Ramsey degrees of ultrafilters, pseudointersection numbers, and the tools of topological Ramsey spaces

TL;DR

This paper uses topological Ramsey space methods to compute the Ramsey degrees of various ultrafilters generated by sigma-closed forcings and explores their pseudointersection and tower numbers, linking these to classical cardinal invariants.

Contribution

It introduces a unified approach to calculating Ramsey degrees of ultrafilters from sigma-closed forcings and extends known results with new calculations and streamlined proofs.

Findings

Calculated Ramsey degrees for several classes of ultrafilters.

Established relationships between pseudointersection/tower numbers and classical invariants.
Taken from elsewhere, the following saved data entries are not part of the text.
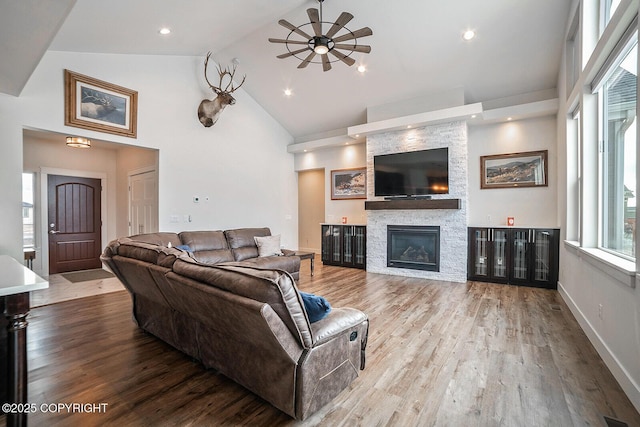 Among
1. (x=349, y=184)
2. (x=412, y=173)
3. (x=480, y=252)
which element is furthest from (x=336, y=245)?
(x=480, y=252)

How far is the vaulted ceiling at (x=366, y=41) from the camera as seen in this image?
3697 millimetres

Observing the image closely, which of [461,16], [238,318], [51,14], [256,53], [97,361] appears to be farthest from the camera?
[256,53]

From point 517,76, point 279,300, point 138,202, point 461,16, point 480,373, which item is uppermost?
point 461,16

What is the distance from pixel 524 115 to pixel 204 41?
5508 millimetres

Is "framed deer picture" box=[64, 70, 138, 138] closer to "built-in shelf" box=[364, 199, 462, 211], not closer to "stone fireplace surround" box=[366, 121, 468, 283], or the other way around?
"stone fireplace surround" box=[366, 121, 468, 283]

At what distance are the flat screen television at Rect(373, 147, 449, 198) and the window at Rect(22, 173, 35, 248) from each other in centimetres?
678

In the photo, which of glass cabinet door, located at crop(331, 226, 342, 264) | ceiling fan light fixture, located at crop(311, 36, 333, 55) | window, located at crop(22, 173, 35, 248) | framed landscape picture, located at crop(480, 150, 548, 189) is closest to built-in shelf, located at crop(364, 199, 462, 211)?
framed landscape picture, located at crop(480, 150, 548, 189)

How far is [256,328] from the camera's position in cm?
166

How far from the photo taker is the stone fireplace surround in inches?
210

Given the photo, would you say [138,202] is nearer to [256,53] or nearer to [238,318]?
[256,53]

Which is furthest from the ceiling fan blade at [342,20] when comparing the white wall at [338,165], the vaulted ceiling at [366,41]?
the white wall at [338,165]

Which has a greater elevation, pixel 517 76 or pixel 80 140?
pixel 517 76

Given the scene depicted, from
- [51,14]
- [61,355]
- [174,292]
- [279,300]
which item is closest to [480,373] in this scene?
[279,300]

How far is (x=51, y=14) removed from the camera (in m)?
2.13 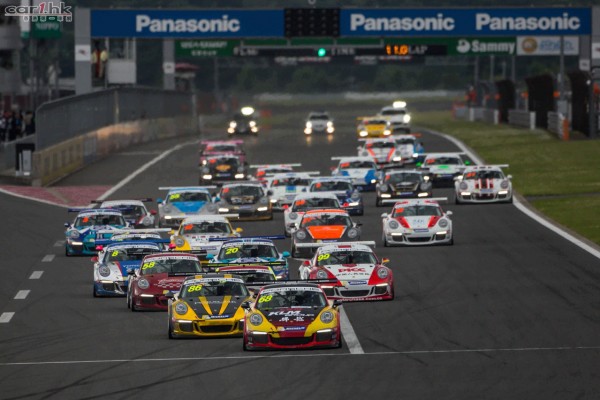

Provided new and simplified proofs for existing results.

Abstract

This paper investigates properties of $\sigma$-closed forcings which generate ultrafilters satisfying weak partition relations. The Ramsey degree of an ultrafilter $\mathcal{U}$ for $n$-tuples, denoted $t(\mathcal{U},n)$, is the smallest number $t$ such that given any $l\ge 2$ and coloring $c:[\omega]^n\rightarrow l$, there is a member $X\in\mathcal{U}$ such that the restriction of $c$ to $[X]^n$ has no more than $t$ colors. Many well-known $\sigma$-closed forcings are known to generate ultrafilters with finite Ramsey degrees, but finding the precise degrees can sometimes prove elusive or quite involved, at best. In this paper, we utilize methods of topological Ramsey spaces to calculate Ramsey degrees of several classes of ultrafilters generated by $\sigma$-closed forcings. These include a hierarchy of forcings due to Laflamme which generate weakly Ramsey and weaker rapid p-points, forcings of Baumgartner and Taylor and of Blass and generalizations, and the collection of non-p-points generated by the forcings $\mathcal{P}(\omega^k)/\mathrm{Fin}^{\otimes k}$. We provide a general approach to calculating the Ramsey degrees of these ultrafilters, obtaining new results as well as streamlined proofs of previously known results. In the second half of the paper, we calculate pseudointersection and tower numbers for these $\sigma$-closed forcings and their relationships with the classical pseudointersection number $\mathfrak{p}$.